Analyzing Neural Network-Based Generative Diffusion Models through Convex Optimization
Fangzhao Zhang, Mert Pilanci
TL;DR
The work addresses the problem of understanding neural network-based diffusion models by deriving convex reformulations of score matching and denoising score matching for two-layer networks. It shows that training these networks to predict the score function can be performed via convex programs, yielding exact finite-sample predictions and convergence guarantees for Langevin sampling under appropriate conditions. Key contributions include explicit univariate convex formulations with a piecewise-linear score, a dual characterization for multivariate data using arrangement matrices, and practical insights into when the learned score corresponds to Gaussian or Gaussian-mixture distributions. The results provide a non-asymptotic, theoretically grounded view of what two-layer neural score predictors learn and offer potential numerical benefits through convex optimization for diffusion-model training.
Abstract
Diffusion models are gaining widespread use in cutting-edge image, video, and audio generation.

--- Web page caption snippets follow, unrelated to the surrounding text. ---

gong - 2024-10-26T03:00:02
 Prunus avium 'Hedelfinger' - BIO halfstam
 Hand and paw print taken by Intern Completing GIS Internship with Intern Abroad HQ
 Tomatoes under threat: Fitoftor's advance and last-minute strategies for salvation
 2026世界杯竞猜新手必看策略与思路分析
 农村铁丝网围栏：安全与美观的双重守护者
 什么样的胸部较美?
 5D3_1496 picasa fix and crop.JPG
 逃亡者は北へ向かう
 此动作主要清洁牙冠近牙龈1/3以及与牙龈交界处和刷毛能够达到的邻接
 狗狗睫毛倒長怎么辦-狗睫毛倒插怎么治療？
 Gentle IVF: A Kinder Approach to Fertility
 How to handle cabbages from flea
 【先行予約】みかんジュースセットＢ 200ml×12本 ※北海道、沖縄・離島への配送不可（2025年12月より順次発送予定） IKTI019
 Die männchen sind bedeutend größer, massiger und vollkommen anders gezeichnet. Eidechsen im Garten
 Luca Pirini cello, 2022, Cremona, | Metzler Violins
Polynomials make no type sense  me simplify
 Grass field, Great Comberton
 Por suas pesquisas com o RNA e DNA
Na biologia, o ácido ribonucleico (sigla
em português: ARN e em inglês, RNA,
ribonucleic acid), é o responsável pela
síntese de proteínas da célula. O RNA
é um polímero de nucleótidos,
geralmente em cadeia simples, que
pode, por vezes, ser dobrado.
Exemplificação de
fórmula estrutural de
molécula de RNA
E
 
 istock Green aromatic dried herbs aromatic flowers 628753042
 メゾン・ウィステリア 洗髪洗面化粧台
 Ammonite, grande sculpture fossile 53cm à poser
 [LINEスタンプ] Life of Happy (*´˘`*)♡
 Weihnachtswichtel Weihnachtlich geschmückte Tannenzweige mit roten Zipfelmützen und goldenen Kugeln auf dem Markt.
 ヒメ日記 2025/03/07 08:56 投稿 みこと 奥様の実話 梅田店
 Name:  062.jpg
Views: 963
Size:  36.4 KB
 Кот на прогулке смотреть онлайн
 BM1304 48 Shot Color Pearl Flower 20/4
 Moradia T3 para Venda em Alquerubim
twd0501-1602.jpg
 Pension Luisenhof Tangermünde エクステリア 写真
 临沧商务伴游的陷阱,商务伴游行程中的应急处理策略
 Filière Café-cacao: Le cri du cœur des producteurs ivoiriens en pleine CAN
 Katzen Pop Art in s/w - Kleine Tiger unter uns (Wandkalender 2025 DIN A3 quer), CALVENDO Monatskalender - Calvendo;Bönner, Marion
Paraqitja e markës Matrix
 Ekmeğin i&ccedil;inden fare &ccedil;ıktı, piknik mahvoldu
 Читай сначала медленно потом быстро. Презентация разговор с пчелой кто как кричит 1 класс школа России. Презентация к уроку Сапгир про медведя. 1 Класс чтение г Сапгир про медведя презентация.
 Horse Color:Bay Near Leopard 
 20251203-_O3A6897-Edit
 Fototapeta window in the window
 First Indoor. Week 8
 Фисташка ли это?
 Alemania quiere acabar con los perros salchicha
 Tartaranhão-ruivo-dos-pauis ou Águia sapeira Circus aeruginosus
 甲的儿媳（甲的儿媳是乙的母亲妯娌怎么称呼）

Score-based diffusion models stand out among these methods, necessitating the estimation of score function of the input data distribution. In this study, we present a theoretical framework to analyze two-layer neural network-based diffusion models by reframing score matching and denoising score matching as convex optimization. We prove that training shallow neural networks for score prediction can be done by solving a single convex program. Although most analyses of diffusion models operate in the asymptotic setting or rely on approximations, we characterize the exact predicted score function and establish convergence results for neural network-based diffusion models with finite data. Our results provide a precise characterization of what neural network-based diffusion models learn in non-asymptotic settings.